Background: I have a time-consuming and repeatedly called function, in which arg1 and arg2 are lists and dictionaries composed of large numpy arrays. Hence, functools.lru_cache doesn't work as is. Yet, there are only a handful specific combinations of arg1 and arg2. Hence my idea to manually specify some id which takes a unique value for each possible combination of arg1 and arg2.


Solution

  • def cache(fun):
        cache.cache_ = {}
        def inner(arg1, arg2, id):
            if id not in cache.cache_:
                print(f'Caching {id}') # to check when it is cached
                cache.cache_[id] = fun(arg1, arg2, id)
            return cache.cache_[id]
        return inner
        
    @cache
    def function(arg1, arg2, arg3):
        print('something')
    

    You can create your own decorator as suggested by DarrylG. You can do a print(cache.cache_) inside if id not in cache.cache_: to check that it only caches for newer values of id.

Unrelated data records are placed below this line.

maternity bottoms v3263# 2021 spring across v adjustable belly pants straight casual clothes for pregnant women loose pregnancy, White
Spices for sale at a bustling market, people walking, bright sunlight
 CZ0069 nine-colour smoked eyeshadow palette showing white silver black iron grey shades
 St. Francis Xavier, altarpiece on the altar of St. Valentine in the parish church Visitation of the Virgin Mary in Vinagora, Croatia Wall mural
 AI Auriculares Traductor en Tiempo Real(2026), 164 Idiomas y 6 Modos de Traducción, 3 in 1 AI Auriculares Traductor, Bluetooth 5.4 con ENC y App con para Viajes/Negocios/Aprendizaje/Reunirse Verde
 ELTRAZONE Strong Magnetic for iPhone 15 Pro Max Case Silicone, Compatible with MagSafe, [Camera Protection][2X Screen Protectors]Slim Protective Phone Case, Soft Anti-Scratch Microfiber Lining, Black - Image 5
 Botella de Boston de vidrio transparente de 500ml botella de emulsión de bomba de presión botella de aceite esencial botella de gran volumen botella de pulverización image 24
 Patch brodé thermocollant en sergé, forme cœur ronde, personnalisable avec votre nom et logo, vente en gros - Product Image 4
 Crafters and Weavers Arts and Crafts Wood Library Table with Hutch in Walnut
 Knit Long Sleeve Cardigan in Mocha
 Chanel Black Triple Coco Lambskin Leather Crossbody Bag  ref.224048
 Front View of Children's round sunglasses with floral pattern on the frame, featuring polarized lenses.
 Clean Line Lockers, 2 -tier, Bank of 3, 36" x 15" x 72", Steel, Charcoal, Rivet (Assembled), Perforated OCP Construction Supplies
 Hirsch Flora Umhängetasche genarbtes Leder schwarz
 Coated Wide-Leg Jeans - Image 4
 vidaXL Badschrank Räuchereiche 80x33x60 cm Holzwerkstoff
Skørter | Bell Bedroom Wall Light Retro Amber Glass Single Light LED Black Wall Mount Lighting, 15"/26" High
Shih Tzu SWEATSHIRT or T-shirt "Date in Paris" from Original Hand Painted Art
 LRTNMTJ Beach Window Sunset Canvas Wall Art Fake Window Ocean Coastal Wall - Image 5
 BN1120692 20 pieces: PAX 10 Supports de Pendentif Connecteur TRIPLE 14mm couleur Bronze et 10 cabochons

    You can make cache_ a function attribute PEP 232 by using cache.cache_. Then when you want to reset cache_ you can use cache.cache_.clear(). That will give you direct access to the dictionary that caches the results.

    function(1, 2, 'a')
    function(11, 22, 'b')
    function(11, 22, 'a')
    function([111, 11], 222, 'a')
    
    print(f'Cache {cache.cache_}') # view previously cached results
    cache.cache_.clear() # clear cache
    print(f'Cache {cache.cache_}') # cache is now empty
    
    # call some function again to populate cache
    function(1, 2, 'a')
    function(11, 22, 'b')
    function(11, 22, 'a')
    function([111, 11], 222, 'a')
    

    Edit: Addressing a new comment by @Bob (OP), in most cases returning a reference to the same object would suffice but OP's use-case seems to require a new copy of the answer, possibly due to the nature of function(arg1, arg2, arg3) being treated as unique based on arg1, arg_2 and arg3 (inside the "cache" function uniqueness is only defined using id). In which case, returning the same reference to a mutable object would lead to undesired behavior. As mentioned in the same comment, the return statement in the inner function should be changed from return cache.cache_[id] to return copy.deepcopy(cache.cache_[id]).